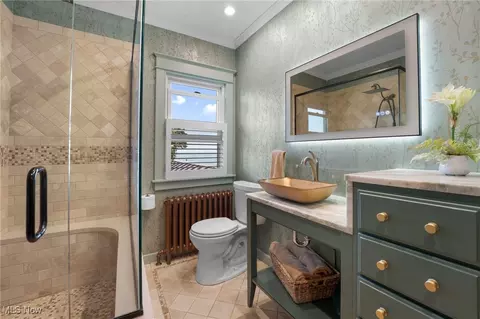 Bath - 1815 Erie Ave, Lorain, OH 44052 photo 2 of 4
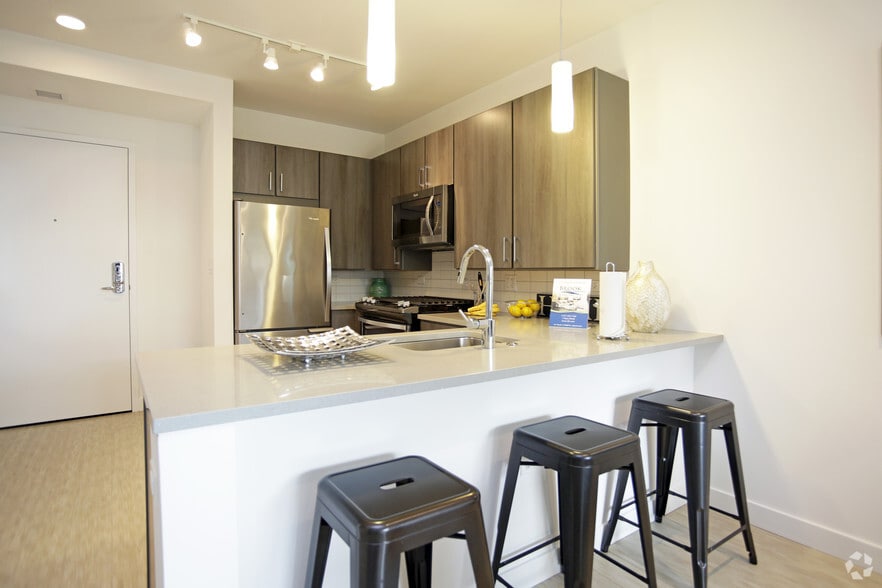 More Photos Of 847 Chicago Ave, Evanston Apartments For Lease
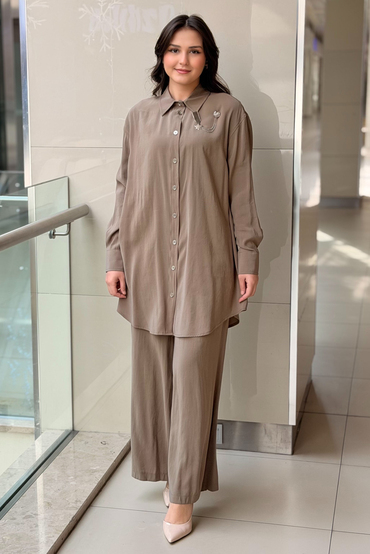 Nurcan Çetin Broş Detaylı Gömlek Pantolon Basic Takım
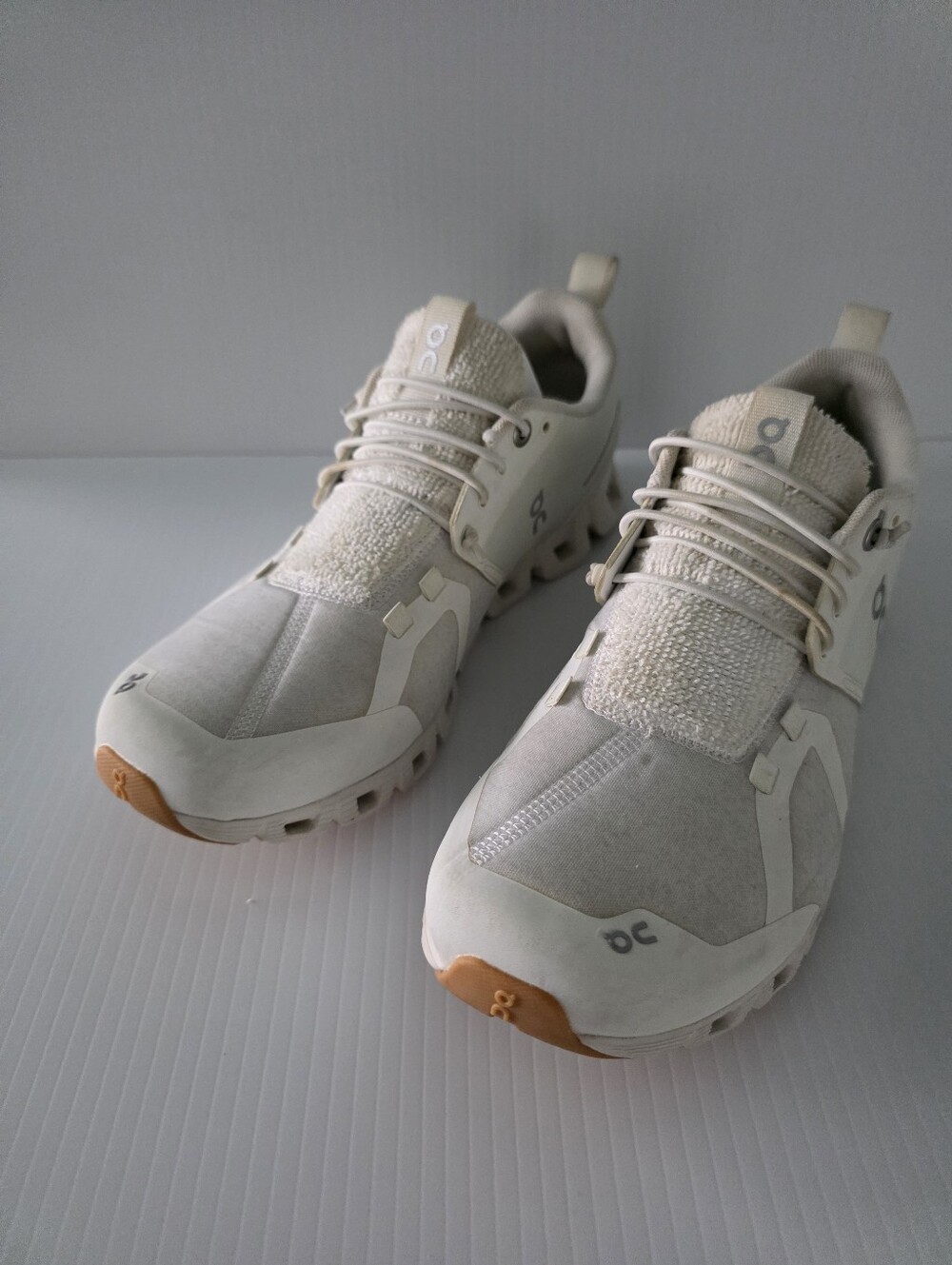 On Cloud Terry 5 Womans Size 8.5 Lightweight Sneakers in Cream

★ ★ ★ ★

EXERCISE BRIEF: Go through the listing above and retype each line exactly, apart from the pictures.

TASK SOLUTION:
 Bath - 1815 Erie Ave, Lorain, OH 44052 photo 2 of 4
 More Photos Of 847 Chicago Ave, Evanston Apartments For Lease
 Nurcan Çetin Broş Detaylı Gömlek Pantolon Basic Takım
 On Cloud Terry 5 Womans Size 8.5 Lightweight Sneakers in Cream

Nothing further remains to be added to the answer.